Energy Cost reductions make Candy production even sweeter

Candy producer
Ulaanbaatar, Mongolia
New production equipment
Investment Size
US$ 56,300
Financial results
Payback of 8 years
Energy savings
232 MWh per year
CO2 savings
74 tons per year
Reduced maintenance and unexpected interruptions, improved product quality, streamlined production process
Green Climate Fund & Japan-EBRD Cooperation Fund

A Mongolian candy producer substantially reduced energy consumption by replacing inefficient production equipment

A Mongolian candy producer upgraded key production equipment, replacing inefficient and outdated machinery. The old machines regularly shut down unexpectedly, severely interrupting the production processes.  This caused delays on the one hand but also resulted in problems regarding product stability and quality.  As high-quality standards are of utmost importance to this company, the decision to replace the old machinery was made quickly.

The investment was financed through a US$ 56,300 loan, from the EBRD’s sustainable energy credit line. The new machine is 78% more efficient than the old one, partly due to the high efficiency motors and variable speed drives, which are part of the new machine.
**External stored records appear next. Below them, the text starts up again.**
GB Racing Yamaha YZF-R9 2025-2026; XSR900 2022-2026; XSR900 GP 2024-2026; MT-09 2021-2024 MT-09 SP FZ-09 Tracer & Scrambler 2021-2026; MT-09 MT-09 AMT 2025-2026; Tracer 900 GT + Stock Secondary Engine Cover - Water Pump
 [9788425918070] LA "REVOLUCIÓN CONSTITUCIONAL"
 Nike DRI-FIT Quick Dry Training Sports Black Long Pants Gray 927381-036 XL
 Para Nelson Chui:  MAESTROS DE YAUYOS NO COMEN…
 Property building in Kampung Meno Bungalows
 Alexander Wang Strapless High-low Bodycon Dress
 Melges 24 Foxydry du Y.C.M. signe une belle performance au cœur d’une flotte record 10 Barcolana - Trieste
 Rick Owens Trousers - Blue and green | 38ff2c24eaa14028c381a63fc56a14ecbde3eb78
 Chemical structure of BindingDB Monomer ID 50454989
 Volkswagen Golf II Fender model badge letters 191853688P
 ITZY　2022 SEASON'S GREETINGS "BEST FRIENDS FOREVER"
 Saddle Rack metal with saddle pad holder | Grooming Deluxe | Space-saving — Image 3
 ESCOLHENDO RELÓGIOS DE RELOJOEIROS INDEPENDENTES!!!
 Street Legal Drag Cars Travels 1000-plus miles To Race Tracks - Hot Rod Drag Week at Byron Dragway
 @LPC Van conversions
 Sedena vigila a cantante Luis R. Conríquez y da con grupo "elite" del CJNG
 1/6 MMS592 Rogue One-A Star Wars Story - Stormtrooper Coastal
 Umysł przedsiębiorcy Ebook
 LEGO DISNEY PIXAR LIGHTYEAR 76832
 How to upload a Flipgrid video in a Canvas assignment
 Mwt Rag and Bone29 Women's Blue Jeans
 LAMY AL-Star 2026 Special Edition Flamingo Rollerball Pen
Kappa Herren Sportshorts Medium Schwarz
In addition to the new machine, the company also significantly optimized its production layout, resulting in time and quality improvements.

The energy savings generate cost savings of US$ 9,400 per year!

This project was financed and implemented under EBRD’s MonSEFF facility. MonSEFF is a predecessor of the Green Economy Financing Facility (GEFF) Mongolia. GEFF Mongolia was developed by the European Bank for Reconstruction and Development (EBRD) and is supported by the Green Climate Fund and the Japan-EBRD Cooperation Fund.